O sr. Gustave de Borda, que faleceu na semana passada e que era principalmente conhecido e lendário sob a alcunha de “Borda Golpe de Espada”, tinha efetivamente passado a vida com a espada na mão, temível com os malvados, mas doce com os bons e compassivo com os infelizes, como um cavaleiro do Romanceiro ao qual se assemelhava. Condecorado pela bela conduta durante a guerra, ele era célebre por seus talentos de esgrimista sem igual e seus inumeráveis duelos. O que se sabe menos é que só usava sua extraordinária destreza com a espada para moderar os efeitos de sua força, da qual jamais abusou.

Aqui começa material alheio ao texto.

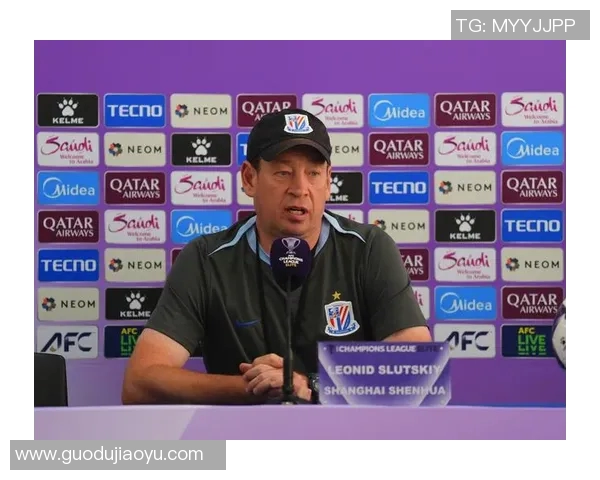 亚冠赛场上申花与光荣的激烈对决结果揭晓，精彩瞬间回顾与分析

Poderia ter sido o mais perigoso dos inimigos; mas, como era o melhor dos homens, sempre foi o mais moderado, o mais justo, o mais humano, o mais cortês dos adversários. São os costumes, e não as opiniões, que fazem as virtudes; a bravura fez desses pacíficos, como Borda; o pacifismo não fará isso. O convívio e o exemplo de tal homem ensinavam a não temer a morte, a aproveitar ainda mais a vida. Sua simpatia, sua bondade eram deliciosas, pois sentíamos que o medo, o interesse, a fraqueza ali não entravam por nada, que era o dom voluntário e puro de uma alma verdadeiramente livre. De um espírito encantador e rico, tinha um gosto vivo e natural pelas artes, pela música, sobretudo, que apreciava simples como convém a um velho bravo. Stendhal, que tinha participado da campanha da Rússia, não preferia a música italiana a todas as outras? Esse maravilhoso duelista que era o sr. de Borda foi também, com uma competência sem igual, com uma fineza e bondade raras, uma incomparável testemunha.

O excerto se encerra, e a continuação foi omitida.